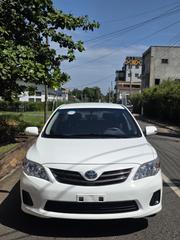 Toyota Corolla LE Special Edition 4dr Sedan (1.8L 4cyl 4A) 2013 White for sale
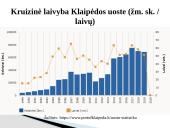 Klaipėdos jūrų uosto pritaikymas logistikos procesams 14 puslapis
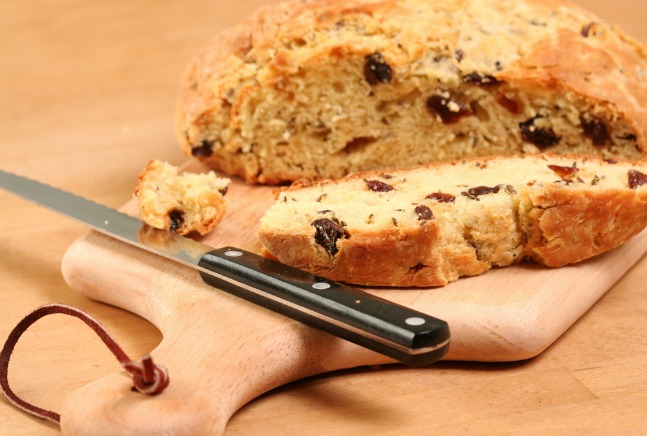 irish soda bread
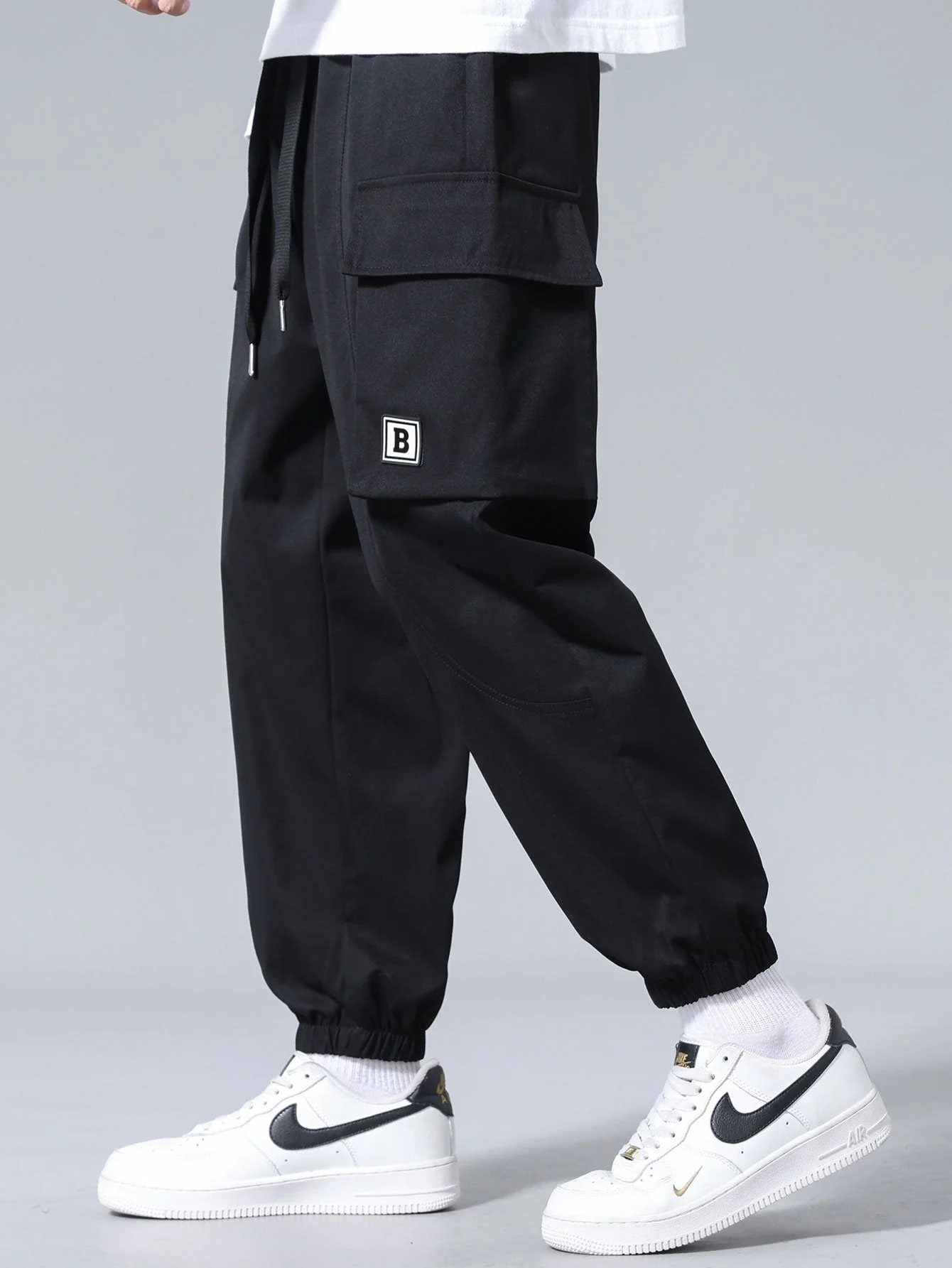 Gonzalo® | Cargo Jogging Pants - Image 9
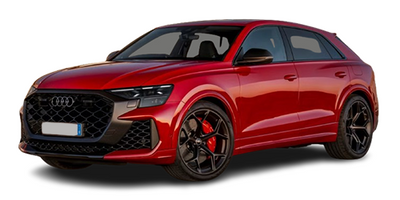 Audi RS Q8 2020 - 2025 (F1) Wiper Blades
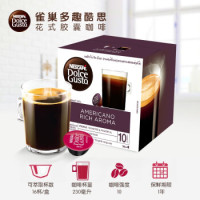 Dolce Gusto 多趣酷思 胶囊咖啡 16颗装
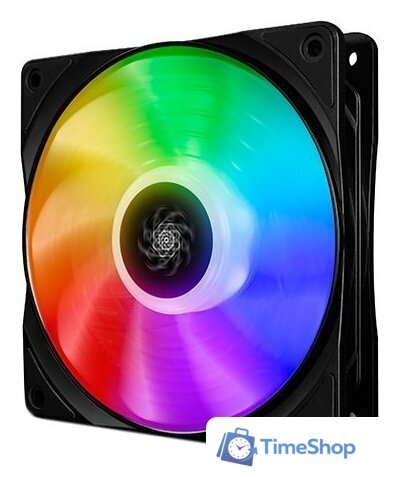 Вентилятор для корпуса DeepCool CF 120 DP-FA-RGB-CF120-1 - Изображение №1 — Интернет-магазин Time-Shop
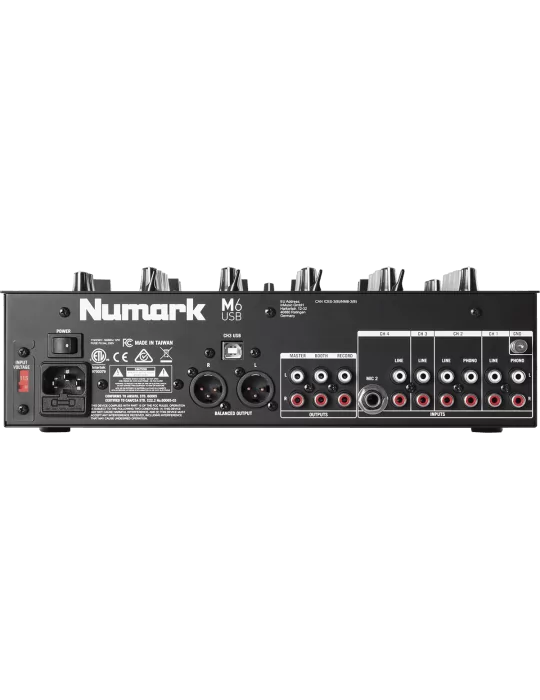 NUMARK M6USB | MusicGoodDeal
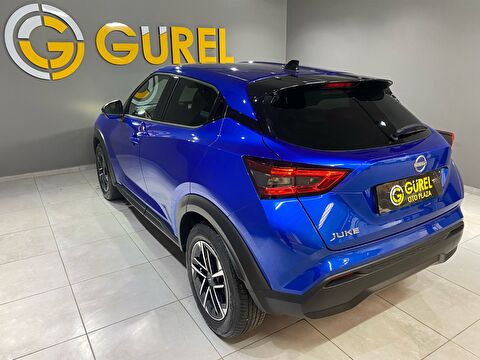 2024 Benzin Otomatik Nissan Juke Mavi Gürel Tasarım Aksesuar Otomotiv San. Tic. Ltd. Şti.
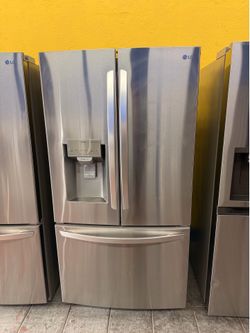 LG refrigerator
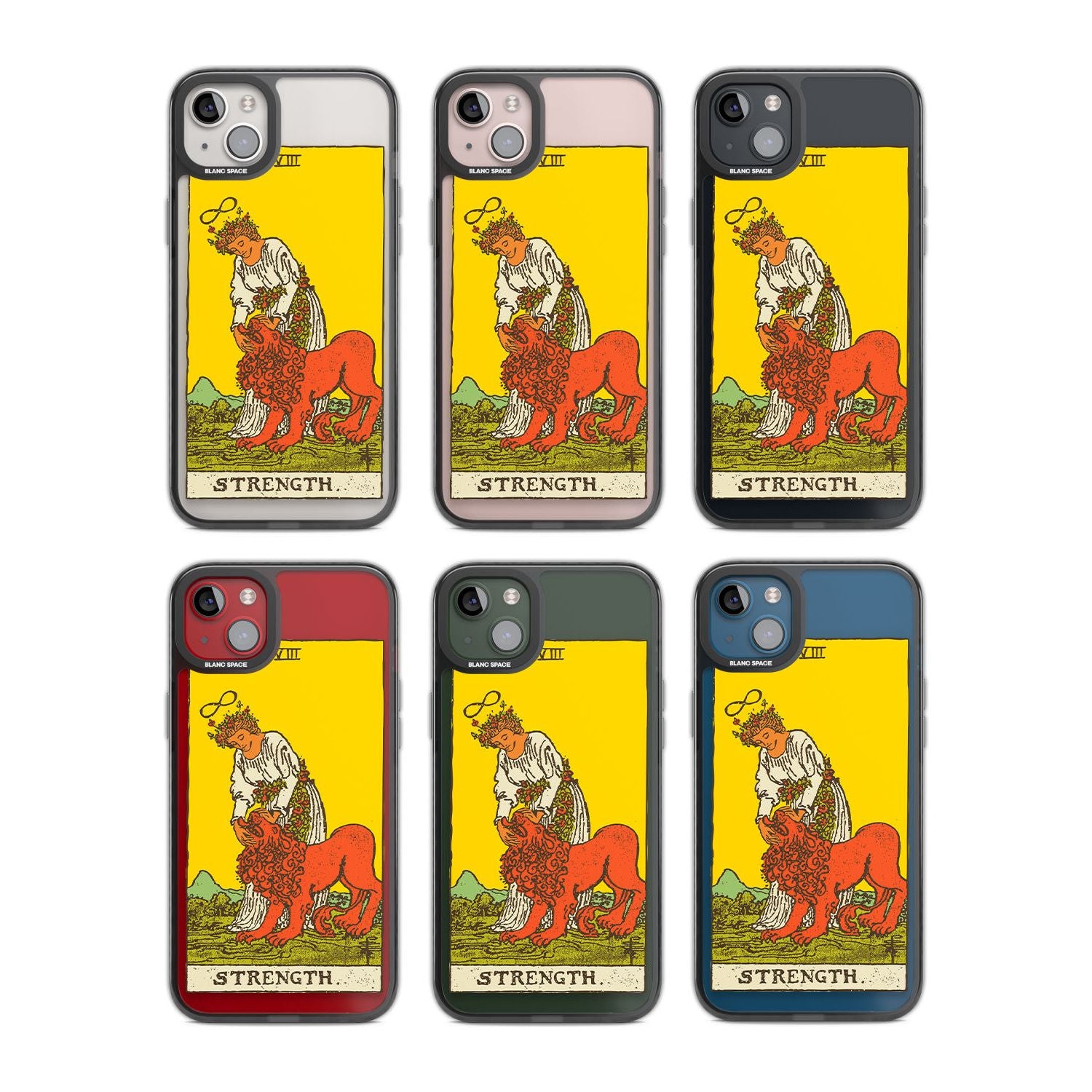 Personalised Strength Tarot Card - Colour Custom Phone Case iPhone 15 Pro Max / Black Impact Case,iPhone 15 Plus / Black Impact Case,iPhone 15 Pro / Black Impact Case,iPhone 15 / Black Impact Case,iPhone 15 Pro Max / Impact Case,iPhone 15 Plus / Impact Case,iPhone 15 Pro / Impact Case,iPhone 15 / Impact Case,iPhone 15 Pro Max / Magsafe Black Impact Case,iPhone 15 Plus / Magsafe Black Impact Case,iPhone 15 Pro / Magsafe Black Impact Case,iPhone 15 / Magsafe Black Impact Case,iPhone 14 Pro Max / Black Impact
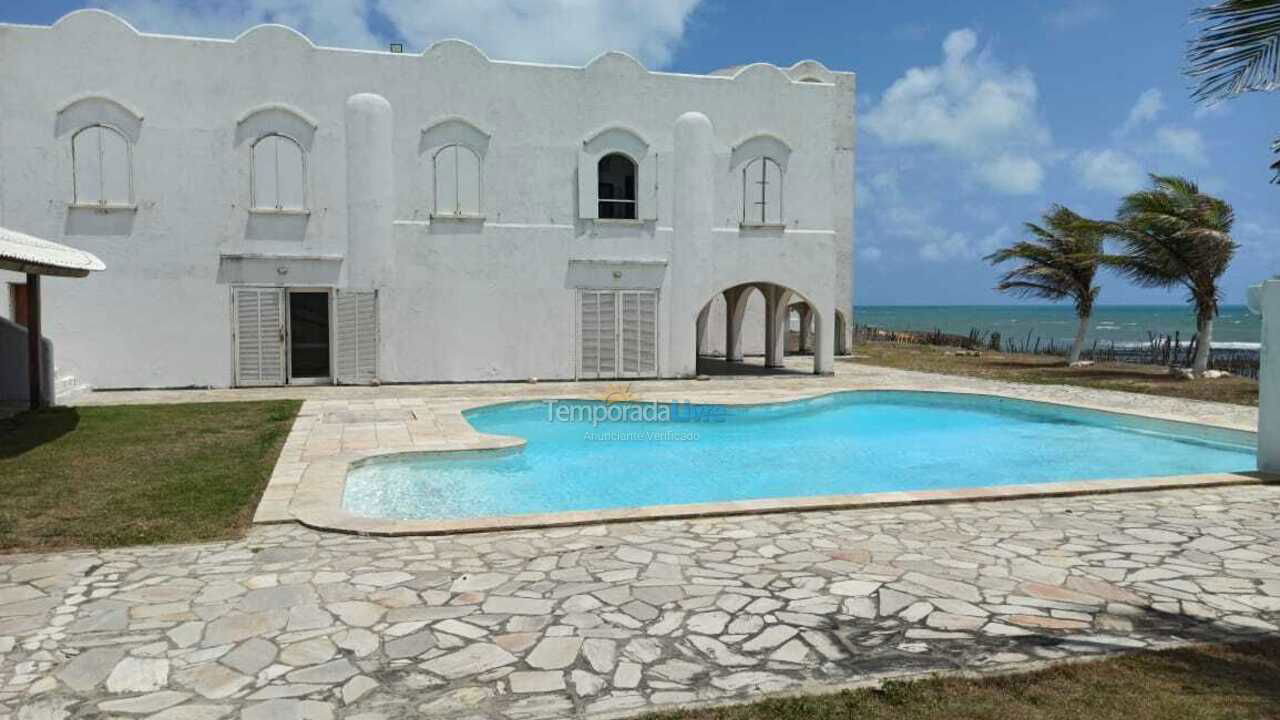 Casa para alquiler de vacaciones em Maxaranguape (Barra de Maxaranguape)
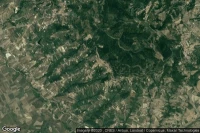 Vue aérienne de Carife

YOUR GOAL: An exact copy of the lines from the one with "LG refrigerator" through the end of the entries above, both included, is the whole answer. It contains no pictures.

EXERCISE RESULT:
 LG refrigerator
 Personalised Strength Tarot Card - Colour Custom Phone Case iPhone 15 Pro Max / Black Impact Case,iPhone 15 Plus / Black Impact Case,iPhone 15 Pro / Black Impact Case,iPhone 15 / Black Impact Case,iPhone 15 Pro Max / Impact Case,iPhone 15 Plus / Impact Case,iPhone 15 Pro / Impact Case,iPhone 15 / Impact Case,iPhone 15 Pro Max / Magsafe Black Impact Case,iPhone 15 Plus / Magsafe Black Impact Case,iPhone 15 Pro / Magsafe Black Impact Case,iPhone 15 / Magsafe Black Impact Case,iPhone 14 Pro Max / Black Impact
 Casa para alquiler de vacaciones em Maxaranguape (Barra de Maxaranguape)
 Vue aérienne de Carife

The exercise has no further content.